Image-text web data:
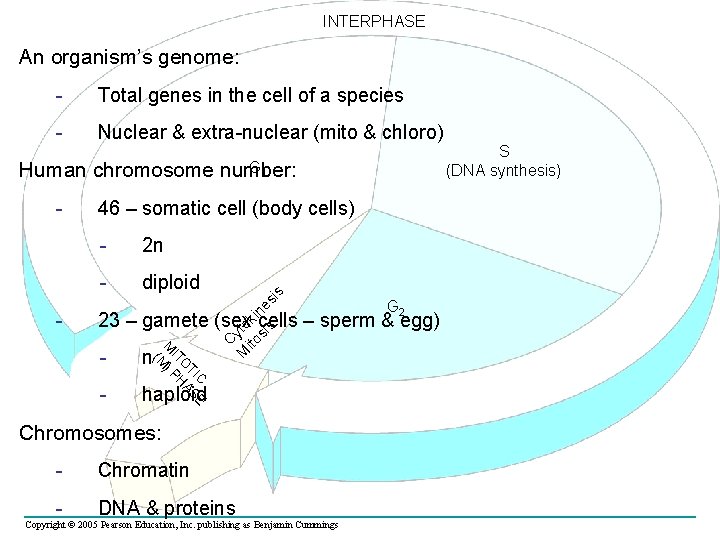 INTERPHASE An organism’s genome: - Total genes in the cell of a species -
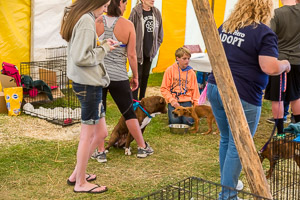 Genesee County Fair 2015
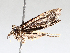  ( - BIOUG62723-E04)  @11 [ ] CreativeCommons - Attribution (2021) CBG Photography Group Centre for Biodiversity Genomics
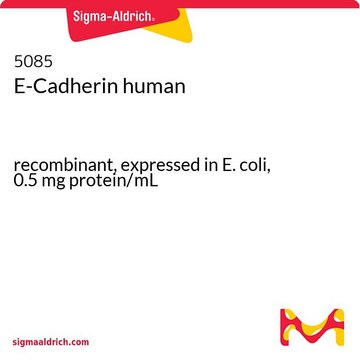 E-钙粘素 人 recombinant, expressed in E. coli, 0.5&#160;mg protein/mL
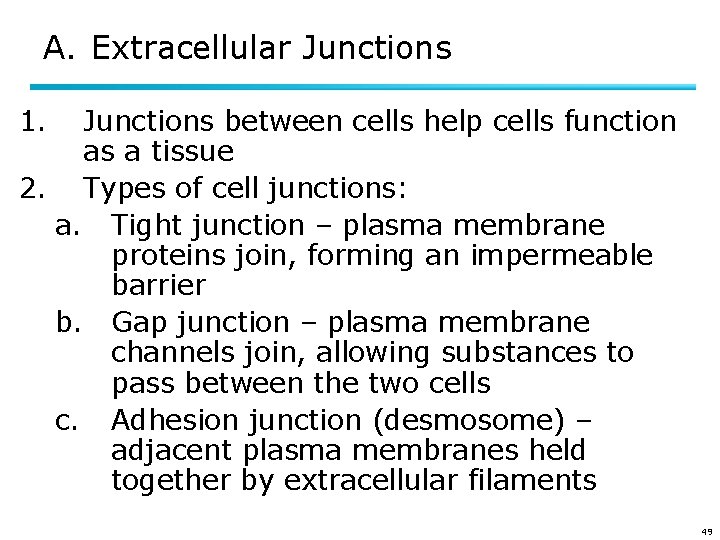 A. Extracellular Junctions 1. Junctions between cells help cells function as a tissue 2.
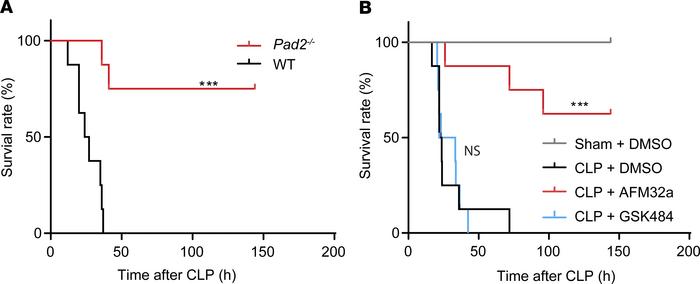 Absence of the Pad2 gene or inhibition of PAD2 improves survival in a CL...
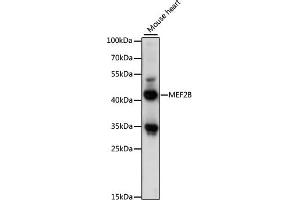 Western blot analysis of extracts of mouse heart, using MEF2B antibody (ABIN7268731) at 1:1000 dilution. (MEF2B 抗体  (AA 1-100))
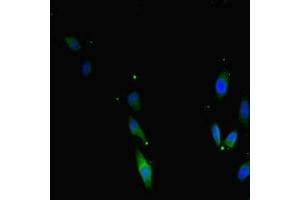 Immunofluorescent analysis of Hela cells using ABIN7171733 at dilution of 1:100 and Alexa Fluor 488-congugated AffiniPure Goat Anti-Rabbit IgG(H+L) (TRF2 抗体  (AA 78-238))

» Work instructions
Leaving all pictures aside, quote each record exactly.

» Output of the exercise
 INTERPHASE An organism’s genome: - Total genes in the cell of a species -
 Genesee County Fair 2015
  ( - BIOUG62723-E04)  @11 [ ] CreativeCommons - Attribution (2021) CBG Photography Group Centre for Biodiversity Genomics
 E-钙粘素 人 recombinant, expressed in E. coli, 0.5&#160;mg protein/mL
 A. Extracellular Junctions 1. Junctions between cells help cells function as a tissue 2.
 Absence of the Pad2 gene or inhibition of PAD2 improves survival in a CL...
 Western blot analysis of extracts of mouse heart, using MEF2B antibody (ABIN7268731) at 1:1000 dilution. (MEF2B 抗体  (AA 1-100))
 Immunofluorescent analysis of Hela cells using ABIN7171733 at dilution of 1:100 and Alexa Fluor 488-congugated AffiniPure Goat Anti-Rabbit IgG(H+L) (TRF2 抗体  (AA 78-238))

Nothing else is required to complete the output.